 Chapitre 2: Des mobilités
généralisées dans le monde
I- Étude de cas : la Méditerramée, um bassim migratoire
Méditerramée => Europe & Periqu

*****

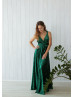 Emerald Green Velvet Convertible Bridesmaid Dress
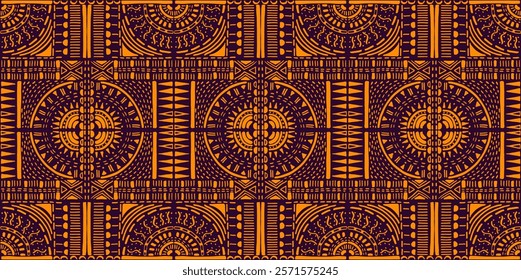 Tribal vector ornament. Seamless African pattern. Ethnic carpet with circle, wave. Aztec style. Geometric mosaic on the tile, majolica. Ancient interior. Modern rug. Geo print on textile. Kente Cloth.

*****

Assignment — In the entries above, find the line that contains "Emerald Green Velvet" and the line that contains "Tribal vector ornament.". Reproduce exactly those two lines and every line between them, but not the pictures.

Task solution —
 Emerald Green Velvet Convertible Bridesmaid Dress
 Tribal vector ornament. Seamless African pattern. Ethnic carpet with circle, wave. Aztec style. Geometric mosaic on the tile, majolica. Ancient interior. Modern rug. Geo print on textile. Kente Cloth.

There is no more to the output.